制度改正

技能実習制度が「育成就労制度」へ大変革!2027年施行予定の改正内容と人事担当者が今すべき準備

2026/4/10
#技能実習制度#育成就労制度#外国人雇用#制度改正#人材戦略
2024年6月に改正法が成立し、技能実習制度は2027年4月頃から「育成就労制度」へ移行予定です。転職制限緩和や賃金不払い対策など、企業の外国人材採用に大きな影響を与える変更点と準備すべきポイントを解説します。

技能実習制度の大転換が決定

外国人技能実習制度に大きな転換点が訪れています。2024年6月14日に国会で改正法が可決・成立し、現在の技能実習制度は**「育成就労制度」へと移行**することが決定しました。

現在、技能実習生は約47万人(2024年10月末時点)、特定技能外国人は約21万人が在留しており、多くの企業で貴重な戦力として活躍しています。この制度変更は、外国人材を雇用する企業の人事戦略に大きな影響を与える可能性があります。

新制度の概要と主要な変更点

制度の基本構造が変わる

従来の技能実習制度は「技術移転による国際貢献」を建前としていましたが、新しい育成就労制度では**「人材育成・確保」を明確な目的**とします。これにより、以下のような変化が生まれます:

  • 在留期間:原則3年以内(従来は最長5年)
  • 前提条件:特定技能への移行を前提とした制度設計
  • 目標設定:日本語能力試験A2相当の合格、技能検定3級または特定技能1号評価試験合格

労働環境の大幅改善

新制度では、従来の問題点を解決するため、以下の改善が図られます:

転職制限の緩和 就労開始から1年以上経過し、一定の日本語能力を満たした外国人材は、条件付きで転籍(転職)が可能となります。これは企業にとって人材流出リスクの一方で、より良い労働条件を提供することで優秀な人材を確保し続けるインセンティブとなります。

賃金不払い対策の強化 外国人が負担する費用に上限が設けられ、月給の2カ月分を超える負担を禁止します。また、外部監査が義務化され、労働条件の透明性が向上します。

キャリアパスの明確化 従来の「使い捨て」的な雇用から脱却し、長期雇用を前提とした明確なキャリアパスの提示が求められます。

移行スケジュールと準備期間

改正法は2027年4月頃の施行が予定されており、その後3年間(概ね2030年まで)は移行期間として、技能実習制度と育成就労制度が併存します。

2026年4月1日には「技能実習制度運用要領」と「特定技能外国人受入れに関する運用要領」の一部改正が予定されており、移行準備が本格化します。

受入れ見込みと対象分野

育成就労制度の受入れ上限は、特定技能1号と同様に分野ごとに設定される予定です。政府は2024年度から5年間で特定技能1号の上限を82万人と設定しており、外国人材への需要の高さが伺えます。

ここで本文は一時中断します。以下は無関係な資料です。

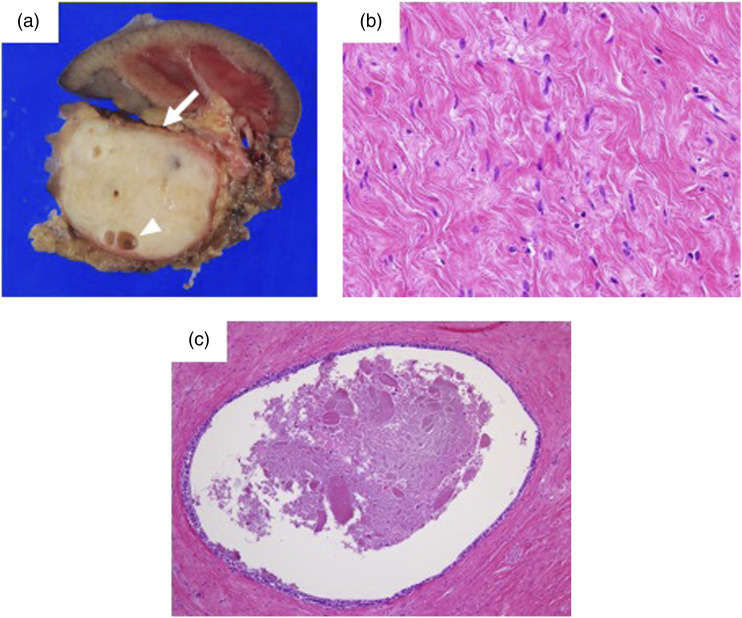 Mixed epithelial and stromal tumor of the kidney composed mainly of solid components: A case report.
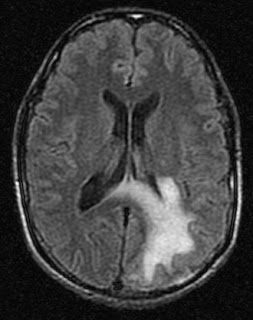 PML MRI Image 3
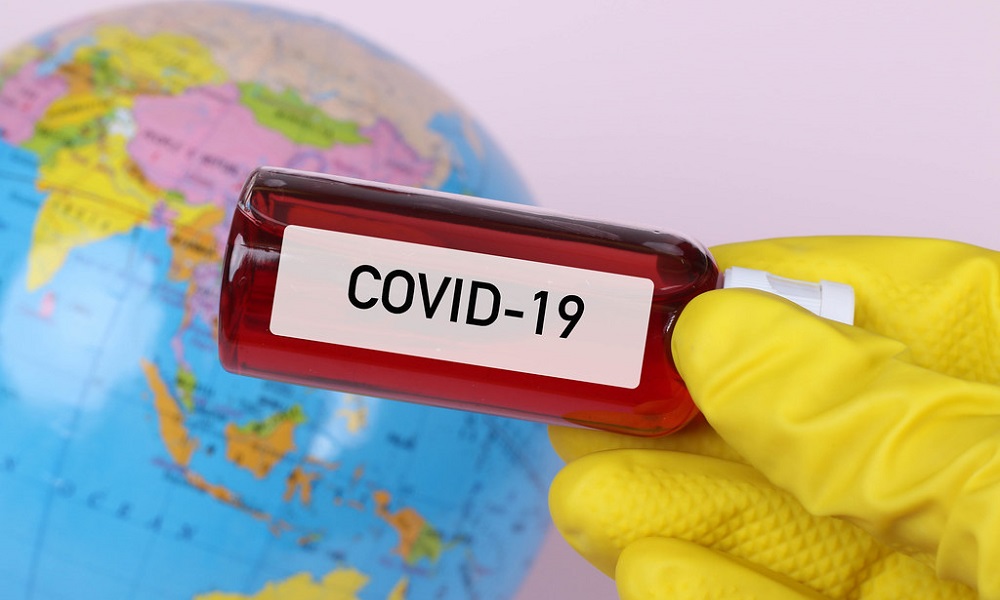 COVID-19
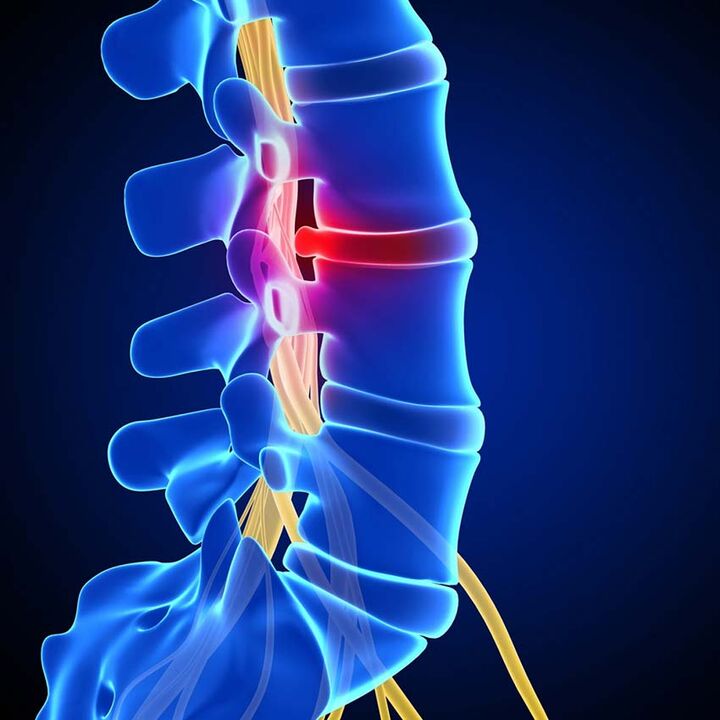 segít az osteochondrosisban)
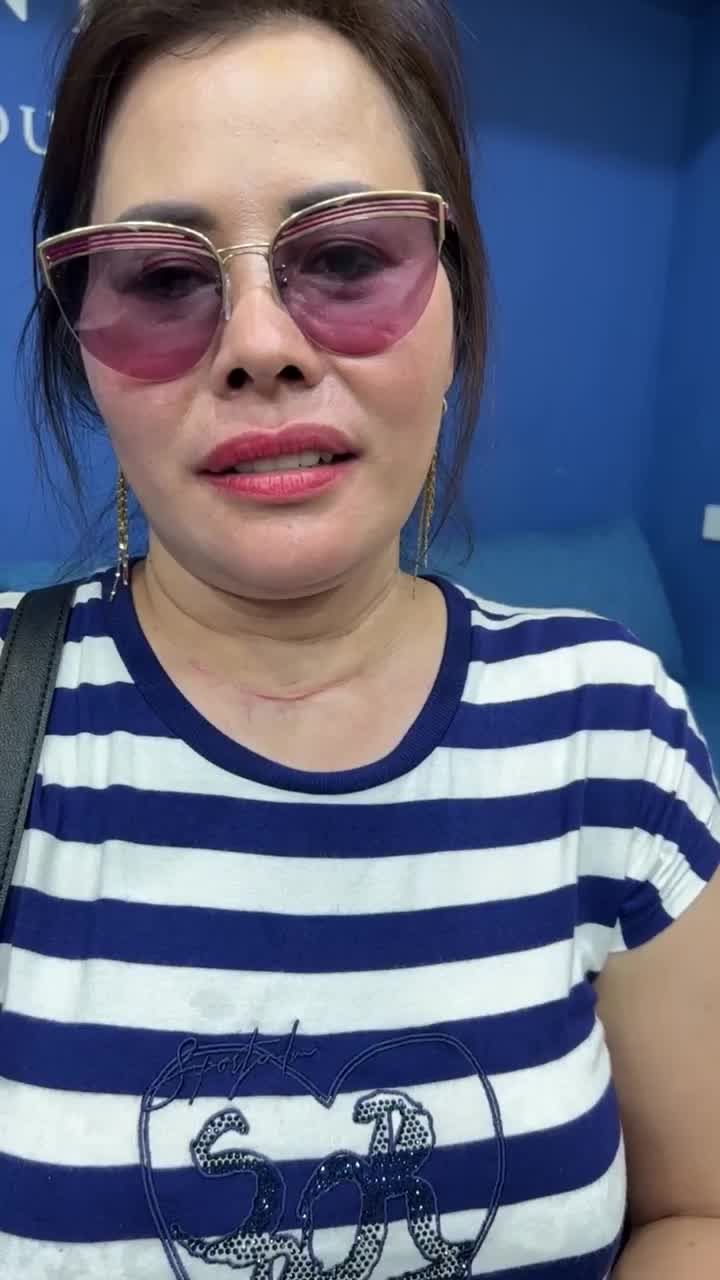 TRÒ CHUYỆN CÙNG CHỊ NGUYỆT - VIỆT KIỀU CỘNG HÒA SÉC (TIỆP KHẮC CŨ) SAU 4 NĂM LÀM RĂNG SỨ THẨM MỸ TẠI SHINBI!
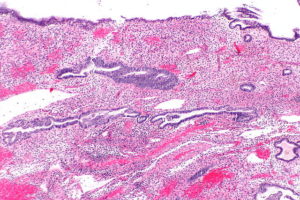 histological image of endometrial polyp with fused glands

2025年12月時点では、有識者会議が特定技能への追加3分野と育成就労対象分野について検討を続けています。

人事担当者が今すべき準備

1. 現在の雇用体制の見直し

転職制限が緩和されることを踏まえ、以下の点を検討してください:

  • 賃金水準が同業他社と比較して適正か
  • 労働環境や福利厚生に改善の余地はないか
  • 外国人材のキャリア成長をサポートする仕組みがあるか

2. 日本語教育体制の強化

新制度では日本語能力試験A2相当の合格が目標とされます。社内での日本語研修制度の充実や、外部の日本語教育サービスの活用を検討することが重要です。

3. 長期雇用を前提とした人材戦略の策定

従来の短期的な労働力確保から、中長期的な人材育成・活用へと視点を転換する必要があります。特定技能への移行を見据えたキャリアパスの設計や、技能向上のための研修体制の整備を進めましょう。

4. コンプライアンス体制の強化

外部監査の義務化に備え、労働条件の文書化や、外国人材が負担する費用の明確化など、透明性の高い雇用管理体制を構築してください。

まとめ

技能実習制度から育成就労制度への移行は、単なる制度名の変更ではなく、外国人材雇用の根本的な考え方の転換を意味します。この変化を機に、より良い労働環境の提供と持続可能な外国人材活用戦略の構築を進めることが、企業の競争力向上につながるでしょう。

制度の詳細な運用要領は今後も更新される予定ですので、出入国在留管理庁や厚生労働省の最新情報を定期的にチェックし、適切な準備を進めることをお勧めします。